The Vorwerk chicken is a breed originating from Hamburg, Germany. The bird was developed by German breeder Oskar Vorwerk, who gave the breed its name. His intention was to develop an attractive breed of chicken that would be easy to breed and would be a good-sized dual-purpose bird.
Vorwerk Chicken Characteristics
Vorwerks are attractive birds with a single, bright red crest, white earlobes, and slate-blue legs. He has a broad back and a deep and well-rounded chest. The head of the chicken is wide, and the face is well-feathered.
Standard roosters weigh around 2.5 to 3 kg, while hens between 2 and 2.5 kg.
Vorwerk Chicken Breed Varieties
In terms of plumage, its head, neck, and tail are solid black, while the rest of its body is a buff color. The ideal of the breed standards does not require black spots in the buff color areas, but in practice, this is very difficult to reproduce.

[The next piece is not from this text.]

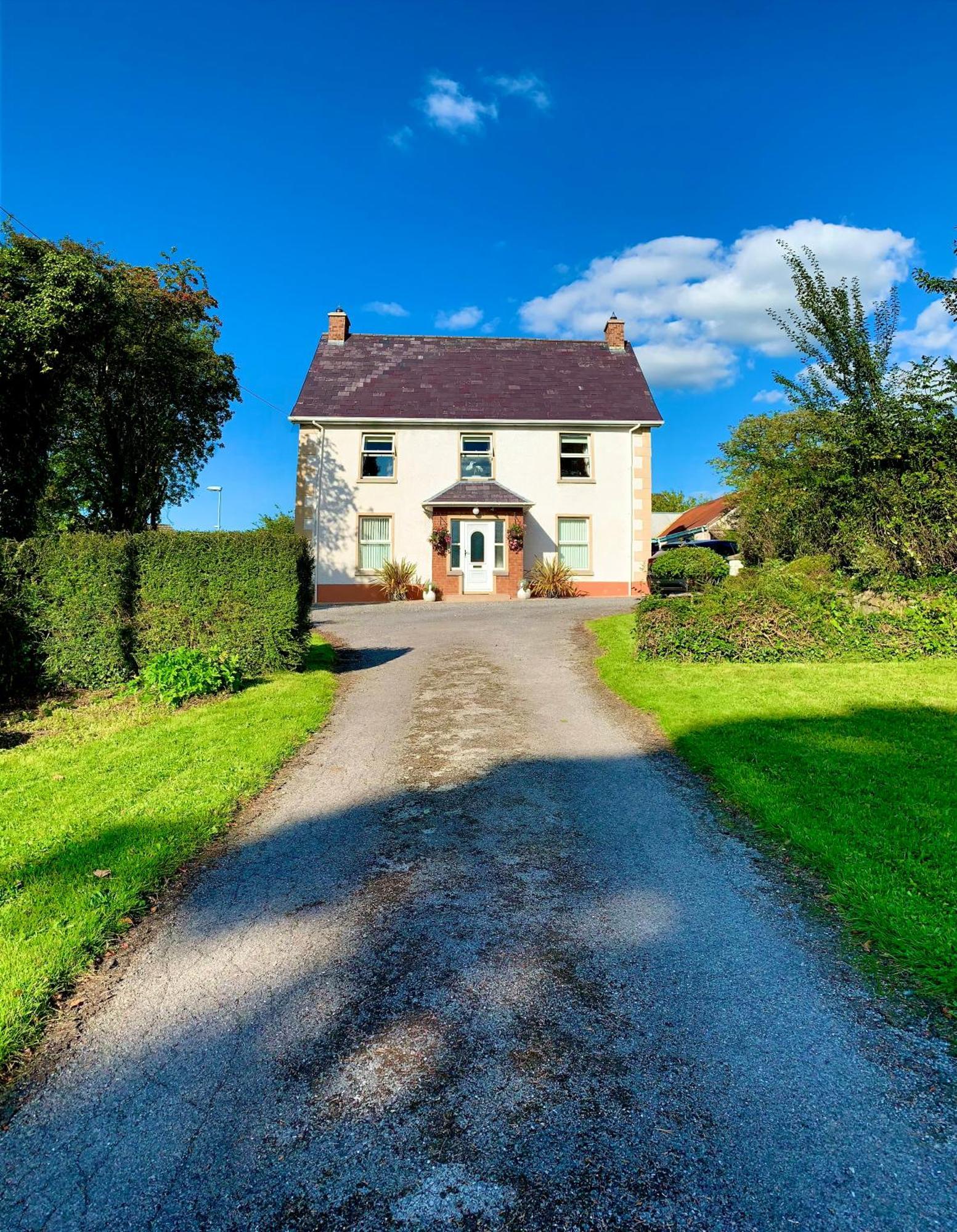 Lime Tree House Villa Maguires Bridge Exterior photo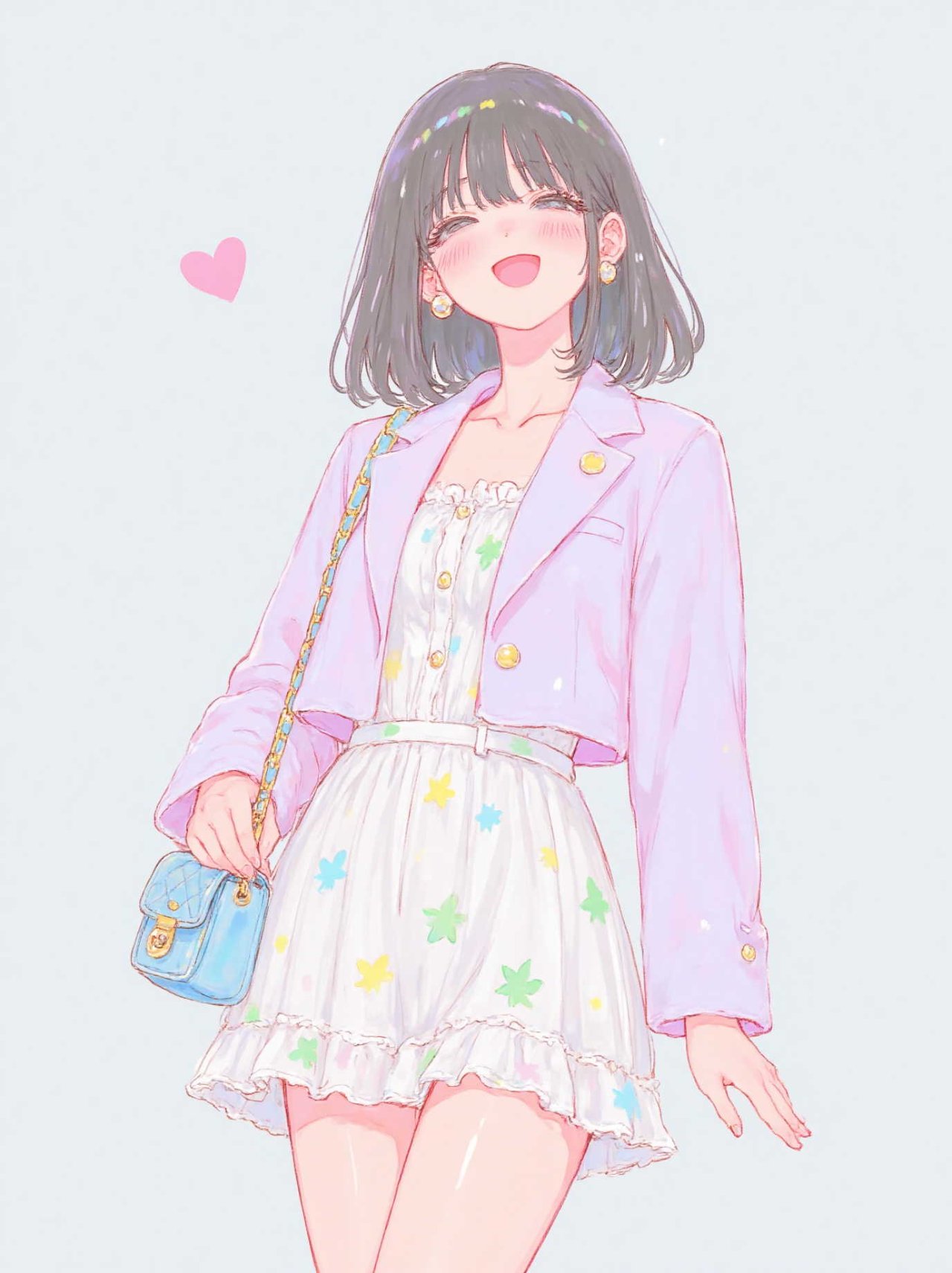 SUPPART の AI イラスト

The Temperament of the Breed
Vorwerks are hardy birds in cold climates. Breeders use terms like adaptable, active, and alert to describe them and they are considered a calm breed. The breed standard has not achieved widespread popularity, or commercial use, and is virtually invisible outside of mainland Europe.
Hens are good producers of cream-colored eggs (approximately 160-190 eggs in a year), but they rarely hatch.
Vorwerk Chicken History
Around 1900, poultry breeder Oskar Vorwerk began to develop a medium-sized utility bird with a belted plumage pattern similar to the Lakenvelder breed. The key difference in appearance would be the Vorwerk’s dark gold base color, rather than the white of the Lakenvelder. Therefore, the breed is sometimes incorrectly called the Golden Lakenvelder, especially in North America.
Breeds used to create the Vorwerk include the Lakenvelder, the Buff Orpington, the Buff Sussex, and the Andalusian. In 1913, the Vorwerk was standardized. However, it never caught on and is rare or non-existent outside continental Europe.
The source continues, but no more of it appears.